(Short descriptive text snippets)

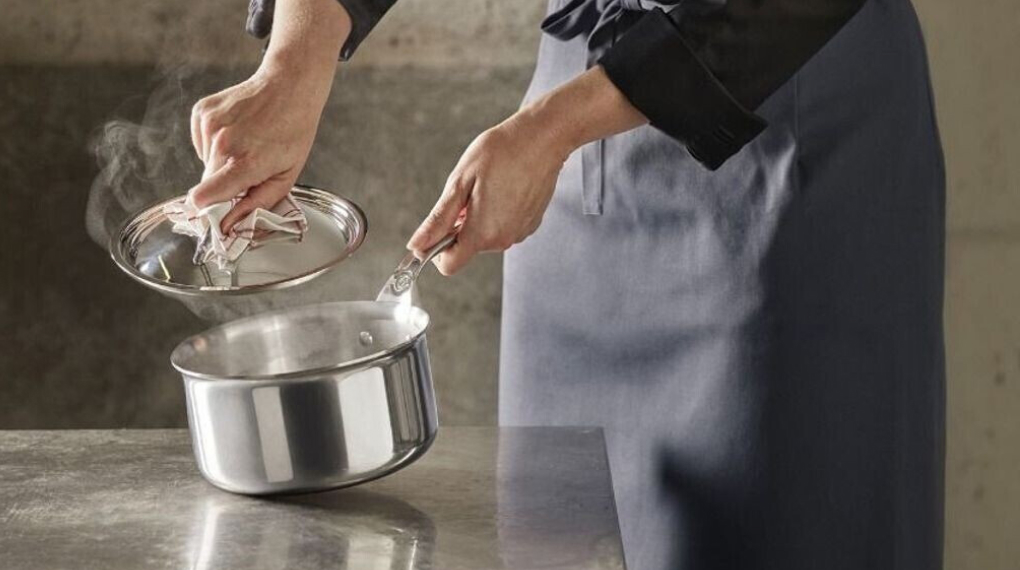 quanh inox de buyer 3746 affinity 1 2 Gia Dụng Đức Đà Nẵng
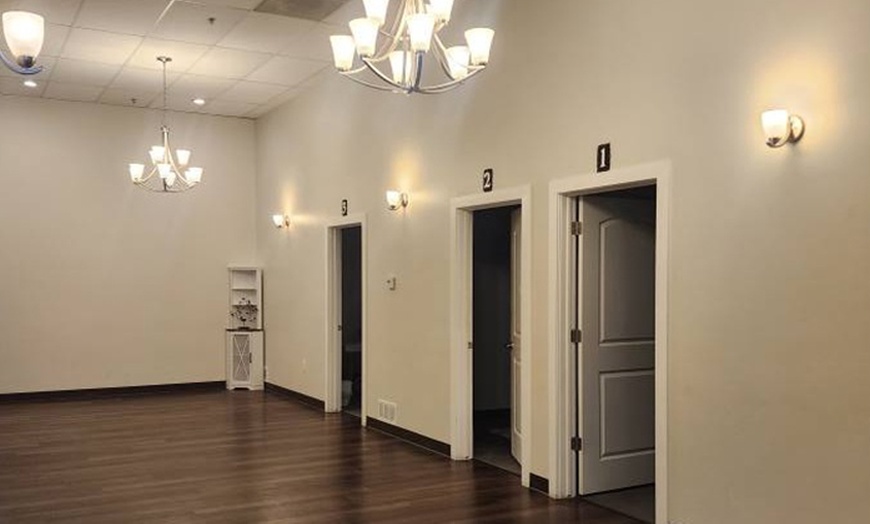 Image 6: Up to 37% Off on Couples Massage at Myo Precision Therapy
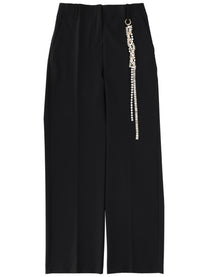 Circus Hotel Women's Tailored Pants Black Circus Hotel
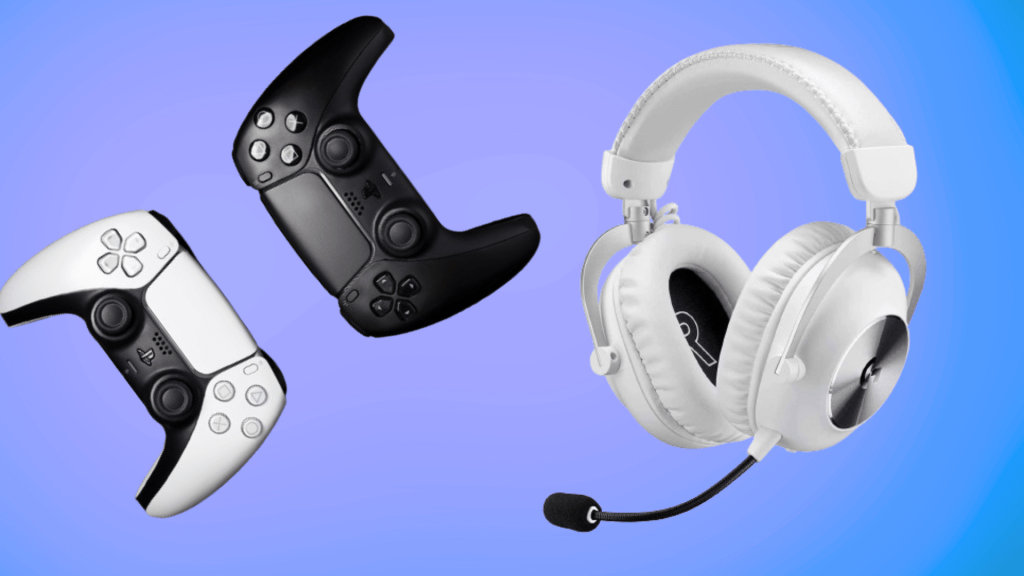 Игровые наушники: на что обратить внимание при выборе?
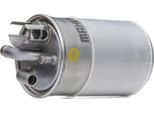 Mahle Kl 154 - Filtro Carburante Oe 057127401 Per A8 (4D), A4 (8D), A4 (8E), A4 (8H), A6 (4B), Superb I (3U), Passat (3B)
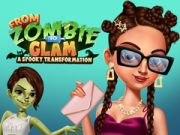 Lojë Nga Zombie në Glam: Një Transformim Ndjellës në internet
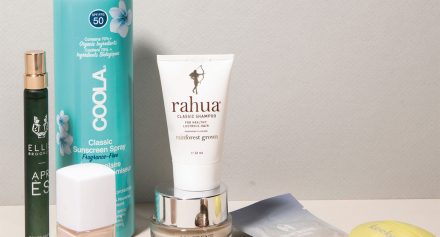 Niche Beauty Female Founders Box by Macrene 2023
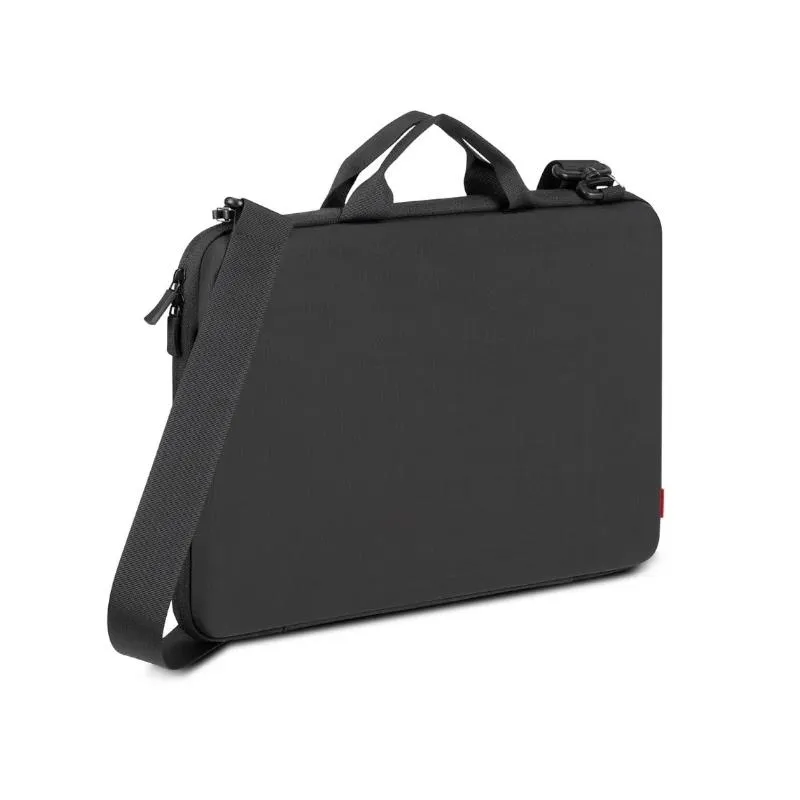 Rivacase Maletín 5131 Rigido Negro 15.6"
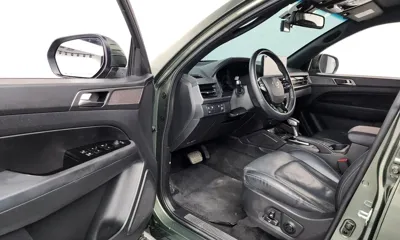KG_Mobility_Ssangyong Rexton 2024, 104238 км, за 25000000 KRW - фото 10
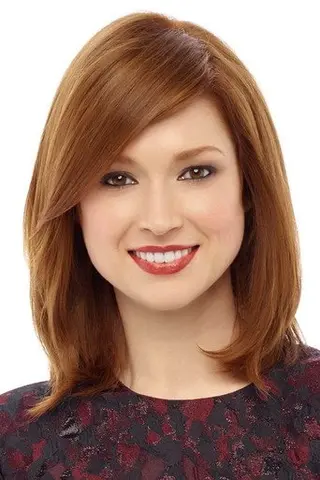Peliculas de Ellie Kemper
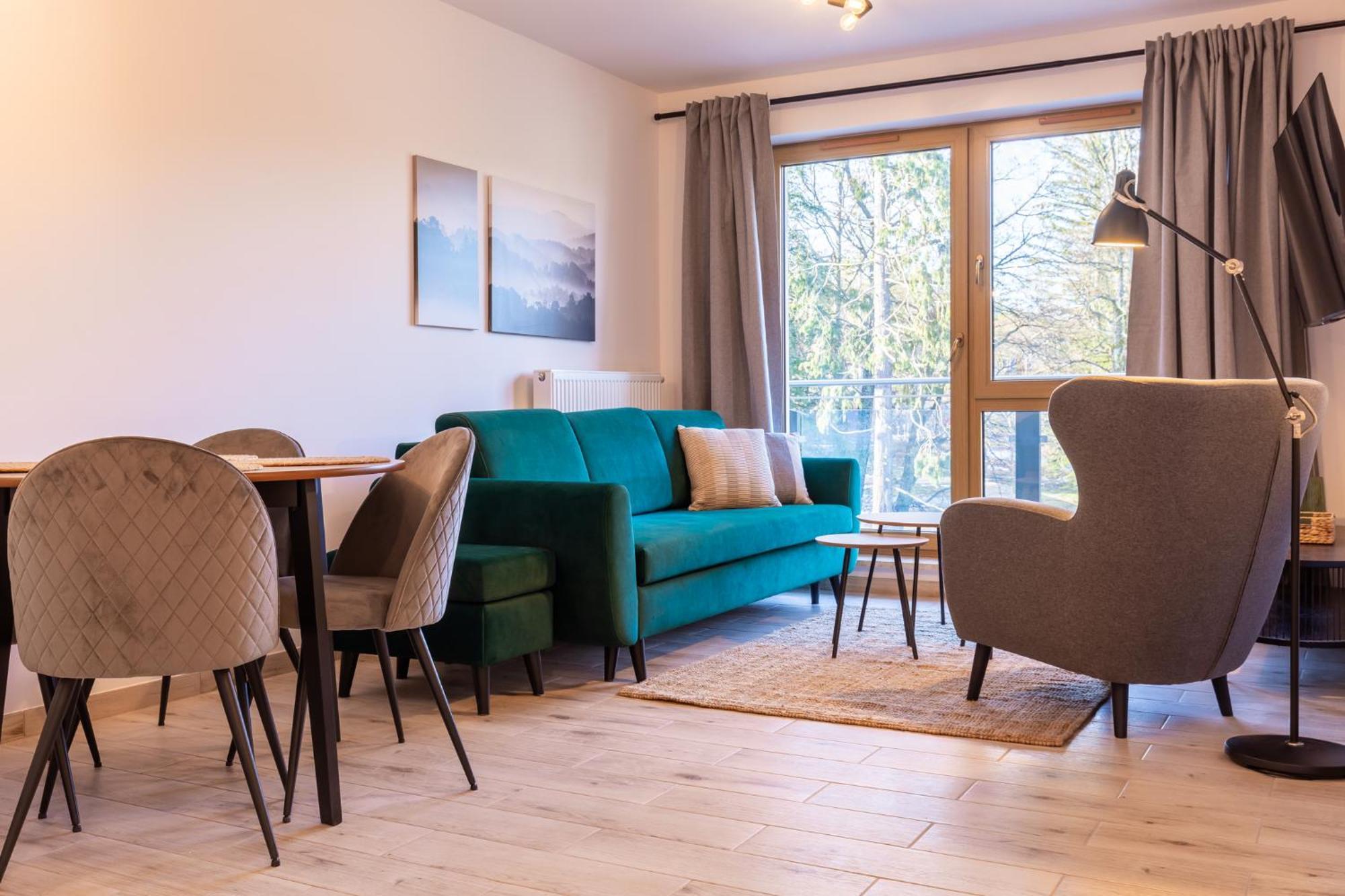 Rentplanet - Apartamenty Kilinskiego Szklarska Poreba Dış mekan fotoğraf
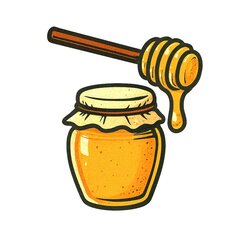Honey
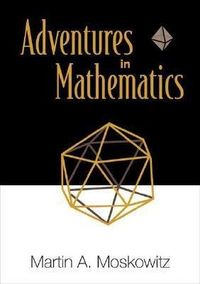 Produktbild: Adventures in Mathematics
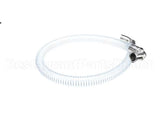 TG-9033 Belshaw Glaze Hose Assembly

- [What you need to do]: Each record is to be written out exactly. No picture goes in.

- [Output of the task]:
 quanh inox de buyer 3746 affinity 1 2 Gia Dụng Đức Đà Nẵng
 Image 6: Up to 37% Off on Couples Massage at Myo Precision Therapy
 Circus Hotel Women's Tailored Pants Black Circus Hotel
 Игровые наушники: на что обратить внимание при выборе?
 Mahle Kl 154 - Filtro Carburante Oe 057127401 Per A8 (4D), A4 (8D), A4 (8E), A4 (8H), A6 (4B), Superb I (3U), Passat (3B)
 Lojë Nga Zombie në Glam: Një Transformim Ndjellës në internet
 Niche Beauty Female Founders Box by Macrene 2023
 Rivacase Maletín 5131 Rigido Negro 15.6"
KG_Mobility_Ssangyong Rexton 2024, 104238 км, за 25000000 KRW - фото 10
Peliculas de Ellie Kemper
 Rentplanet - Apartamenty Kilinskiego Szklarska Poreba Dış mekan fotoğraf
Honey
 Produktbild: Adventures in Mathematics
 TG-9033 Belshaw Glaze Hose Assembly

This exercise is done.